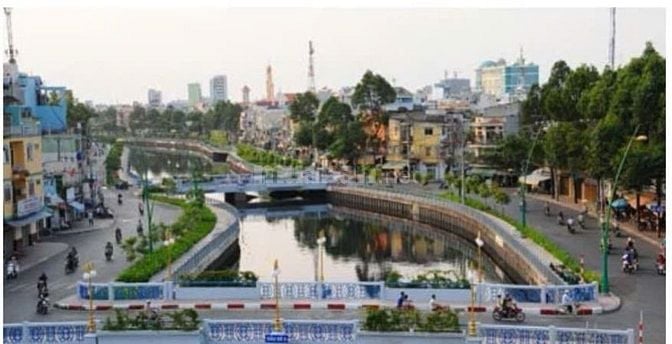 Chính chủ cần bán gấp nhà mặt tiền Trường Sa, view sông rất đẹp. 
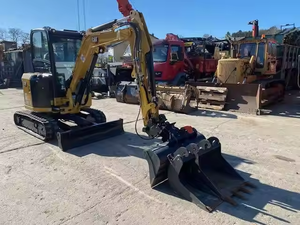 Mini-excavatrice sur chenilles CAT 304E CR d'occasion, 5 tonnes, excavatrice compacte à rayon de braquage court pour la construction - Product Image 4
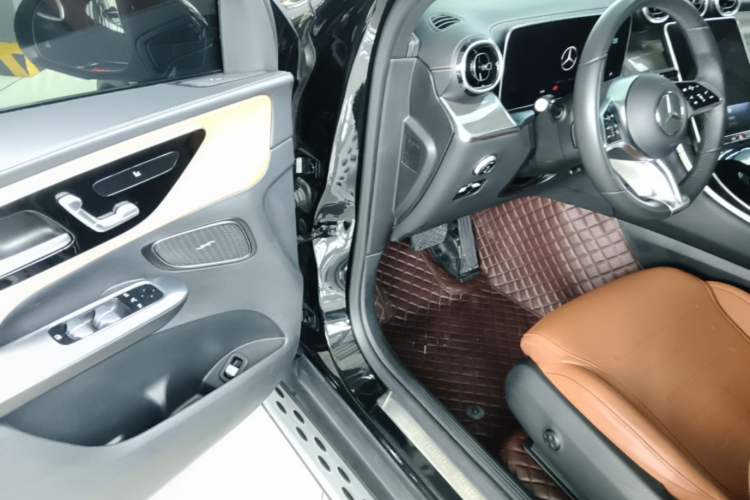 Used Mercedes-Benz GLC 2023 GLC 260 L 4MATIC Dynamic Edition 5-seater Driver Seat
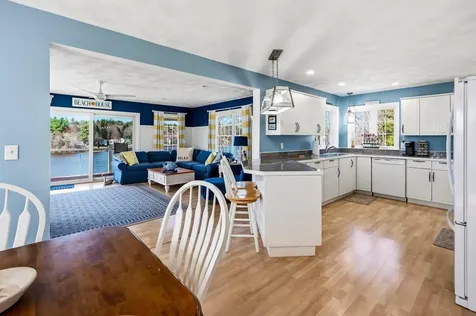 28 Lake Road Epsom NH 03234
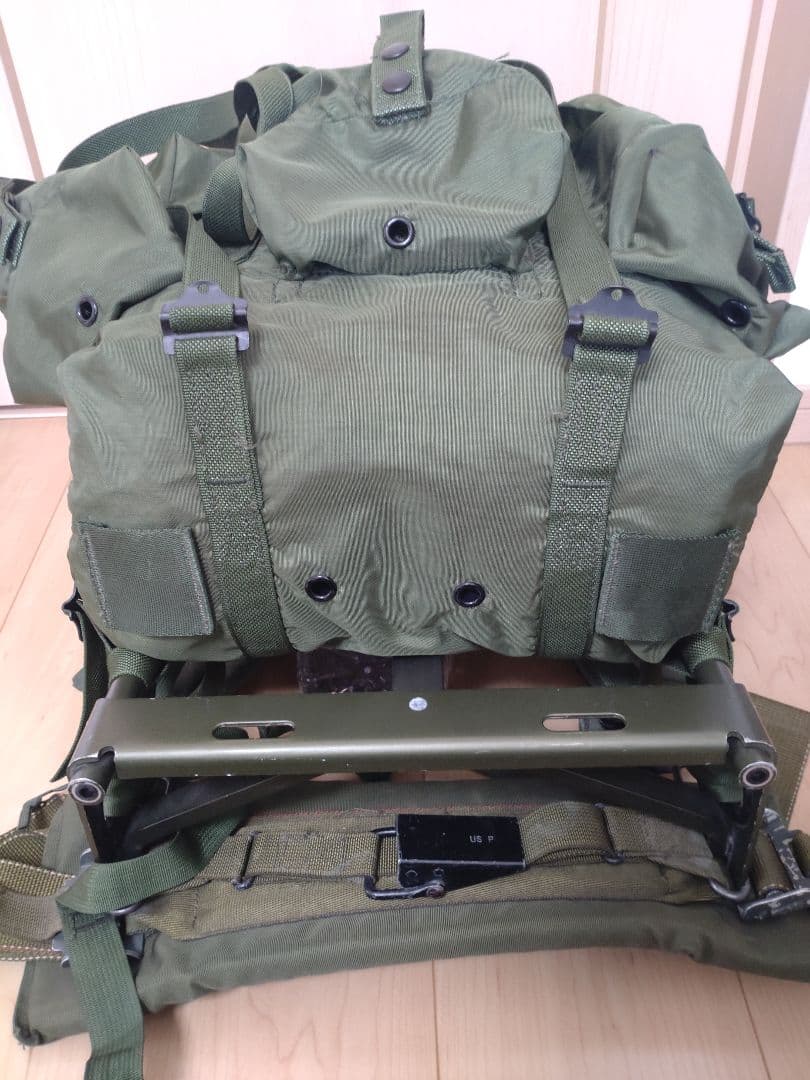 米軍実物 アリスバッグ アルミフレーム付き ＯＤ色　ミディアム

WHAT TO DO
Please reproduce nothing but the lines from the one containing "Mini-excavatrice sur chenilles" through the closing line of the listing, retyped word for word, pictures excluded.

SOLUTION TO THE PROBLEM
 Mini-excavatrice sur chenilles CAT 304E CR d'occasion, 5 tonnes, excavatrice compacte à rayon de braquage court pour la construction - Product Image 4
 Used Mercedes-Benz GLC 2023 GLC 260 L 4MATIC Dynamic Edition 5-seater Driver Seat
 28 Lake Road Epsom NH 03234
 米軍実物 アリスバッグ アルミフレーム付き ＯＤ色　ミディアム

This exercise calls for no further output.